The Tawasa Indian Tribe, also known as the Alibamu Indian Tribe, was located near the Alabama River, in Autauga County, Alabama. The population of the tribe was known to be around 330 members, all living in or near what were known as the Tawasa and Autauga Towns. The tribe existed around the late 1600s, early 1700s, however somewhat disappeared in the early 1700s, due to violence and fleeing. The tribe was split, with around 60 members joining the Alabama tribe, at Fort Toulouse. Some time later, the tribe at Fort Toulouse migrated south joining various tribes in Florida. For the remaining count, there is little evidence to show where they all went, however there is evidence to show that some ended up in Oklahoma, along with some Creeks who migrated there.

== History ==
In the early 1500s, the nomadic Tawasa tribe was found by Hernando De Soto, near central Alabama. Almost two centuries later, the Tawasa were ambushed by other tribes, who enslaved and relocated some of them. As for those who were able to get away, many accepted the help of the French and sought freedom in southern Alabama, near Mobile. Around a decade later, the tribe relocated again, near their original location of settlement, in central Alabama. The Tawasa remained where they were for around a century that is, until the Treaty of Fort Jackson, in 1814. After the signing of the treaty, the tribe relocated again, this time northeast of their old establishment, near Wetumpka. The tribe broke apart at that point, with some members joining the Creeks, some joining the Seminoles, and others unaccounted for.

== Language ==

The Indians had their own language known as the Tawasa language, however there have been accounts of other tribes noticing only small differences between the Tawasa language and theirs. The Tawasa people were known to have spoken a very similar language to the Alabama tribe, however linguistic evidence has been shown that the Tawasa showed some of the same words and dialect choices resembled more of the Hitchiti tribe.

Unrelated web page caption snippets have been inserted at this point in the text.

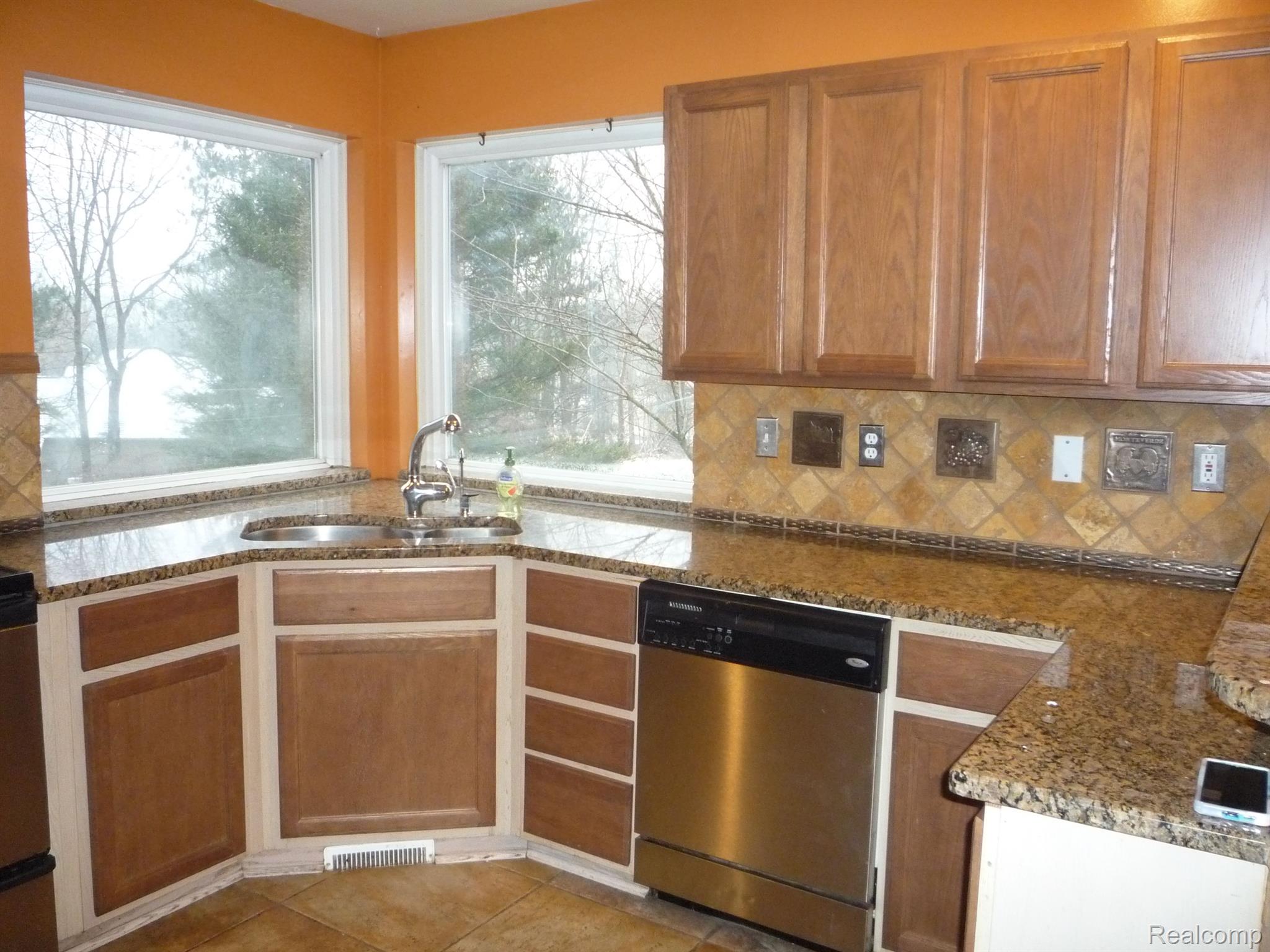 1423 Rillview Court Metamora, MI 48455 - Photo 4 of 62 kitchen with scenic views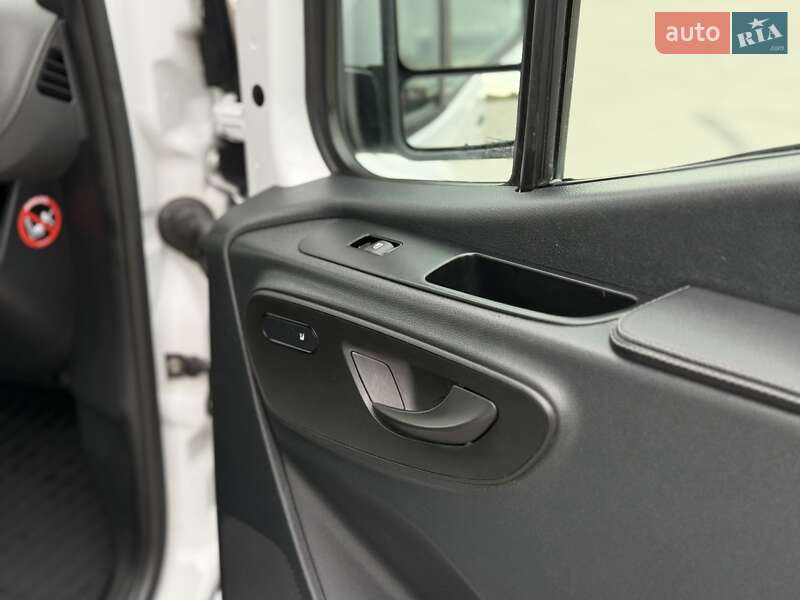 Микроавтобус Mercedes-Benz Sprinter 2021 в Черновцах фото 33 Микроавтобус Mercedes-Benz Sprinter 2021 в Черновцах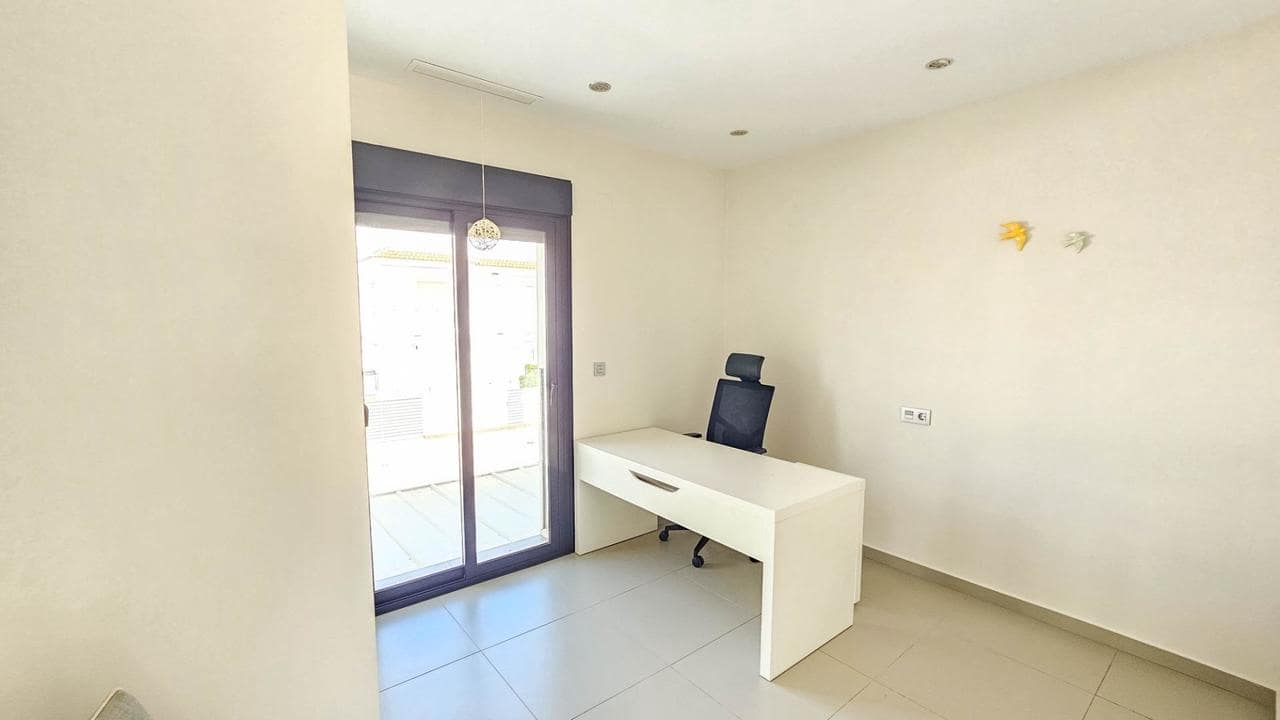 Chalet de 3 habitaciones en Rojales en venta con piscina - 458.900 € (Ref: 9633797)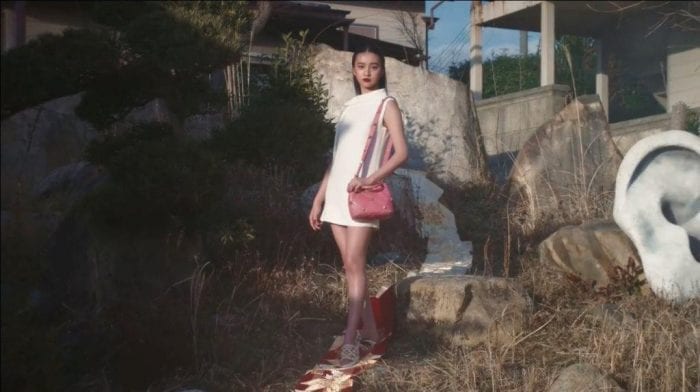 Фотосессия Кимуры Коки для Valentino вызвала критику за неуважение к кимоно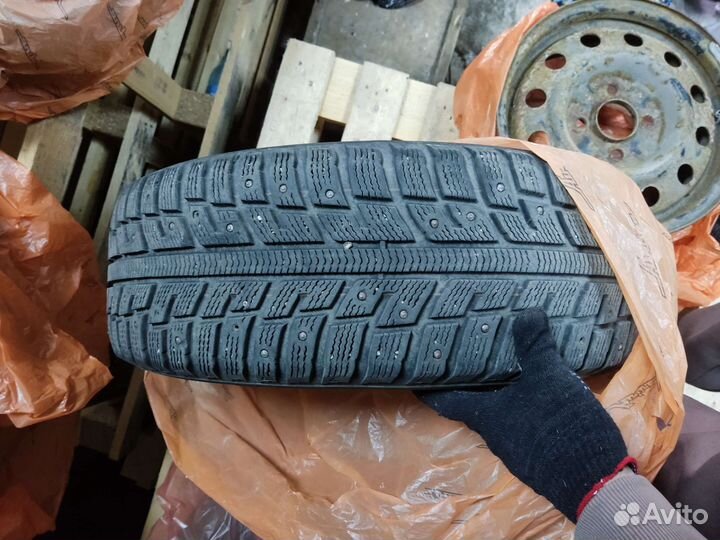 Kumho I'Zen KW22 205/65 R15 94T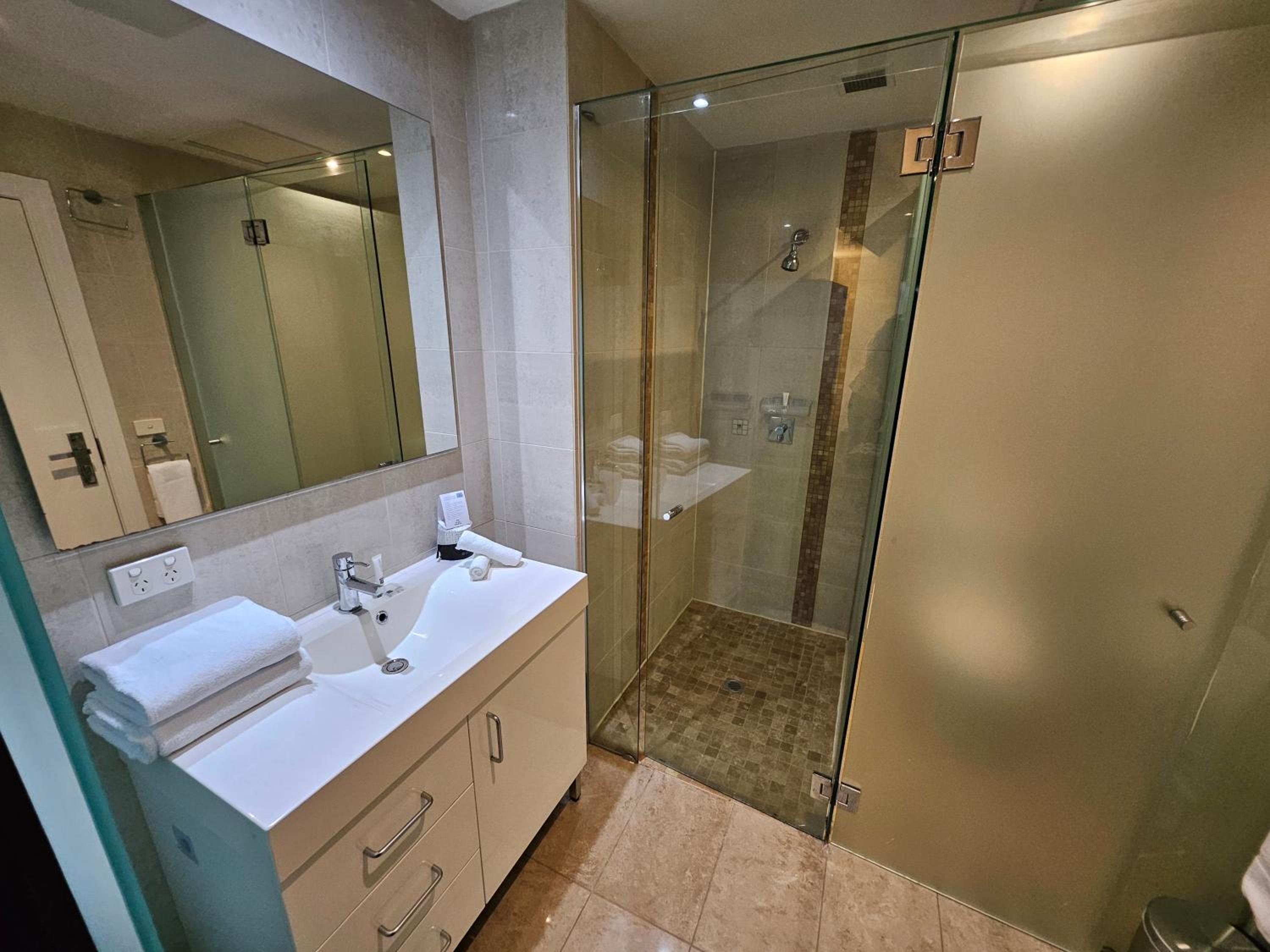 West Executive Room - Photo 13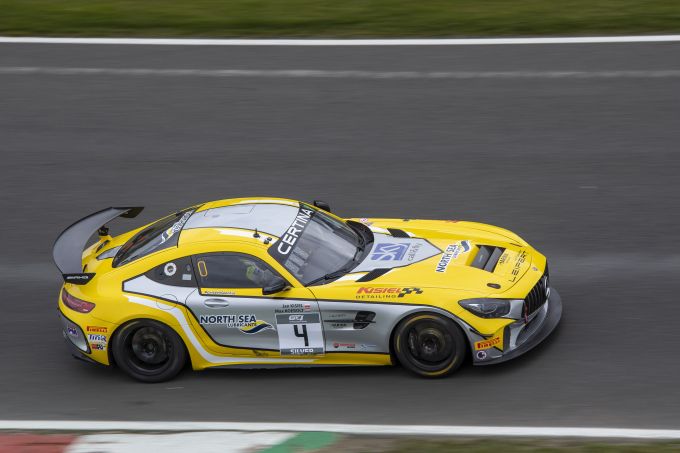 Max Koebolt behaalt eerste seizoenszege in GT4 European Series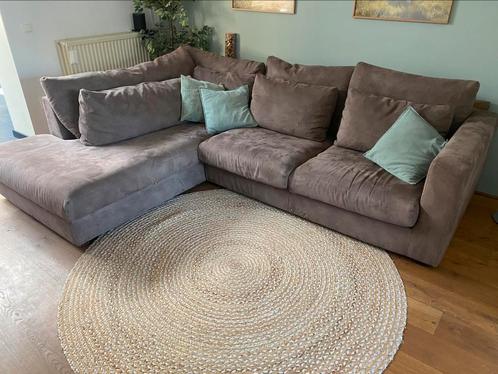 Bruine hoekbank met chaise longue, Huis en Inrichting, Banken | Sofa's en Chaises Longues, Gebruikt, Driepersoons, 250 tot 300 cm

== The Account of Lamhatty ==
The Account of Lamhatty refers to a document that lists remembrances from a Tawasan Indian known as Lamhatty, who was captured and enslaved by Creek Natives. The document was interpreted by historian Robert Beverly, who sat down with Lamhatty to learn about and document his travels and experiences with other tribes. The article includes descriptions of tribes encountered, and mappings of how and where the tribes made settlements. Lamhatty was originally a part of the Tawasa Tribe, however when he was captured he was sold to another tribe known as the Shawnee Indians. Lamhatty stayed with the Shawnee tribe, until he escaped to find refuge with the English, in Virginia. At this time, Lamhatty met Beverly, who then began to break down Lamhatty's travels.